- [Task]
In the listing below, find the line holding "Trợ lý ảo AI" and the line holding "Eine fantastische Landschaft". Write out those two lines and all lines between, exactly, and nothing more.

- [Data supplied]
■ ■ ■ ■ ■ ■ ■
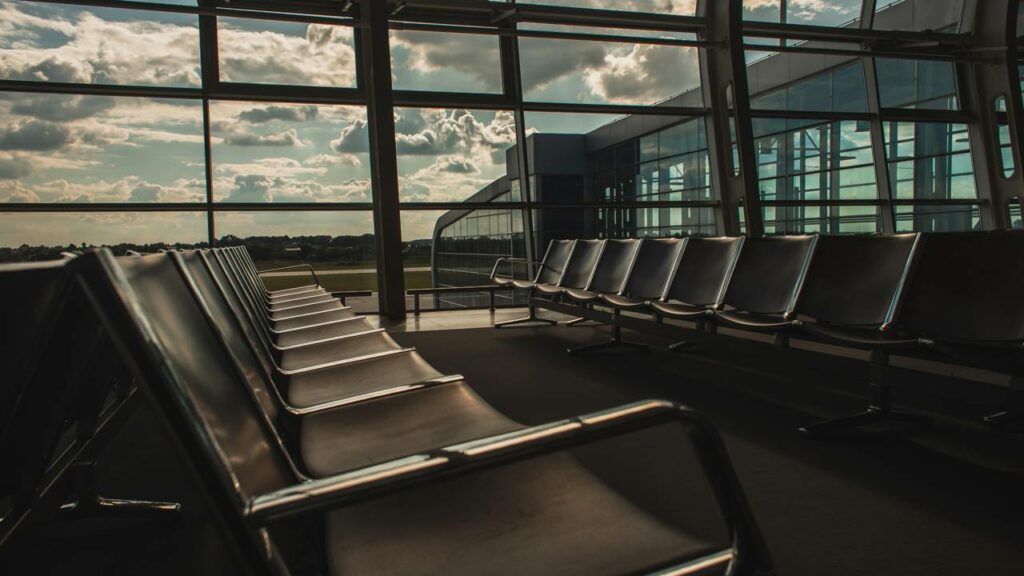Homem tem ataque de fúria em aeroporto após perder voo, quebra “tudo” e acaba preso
■ ■ ■ ■ ■ ■ ■
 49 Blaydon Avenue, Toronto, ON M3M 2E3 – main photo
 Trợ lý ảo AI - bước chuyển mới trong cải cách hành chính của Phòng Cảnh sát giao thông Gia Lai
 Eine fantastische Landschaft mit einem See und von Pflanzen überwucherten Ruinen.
■ ■ ■ ■ ■ ■ ■
- [Solved problem]
 Trợ lý ảo AI - bước chuyển mới trong cải cách hành chính của Phòng Cảnh sát giao thông Gia Lai
 Eine fantastische Landschaft mit einem See und von Pflanzen überwucherten Ruinen.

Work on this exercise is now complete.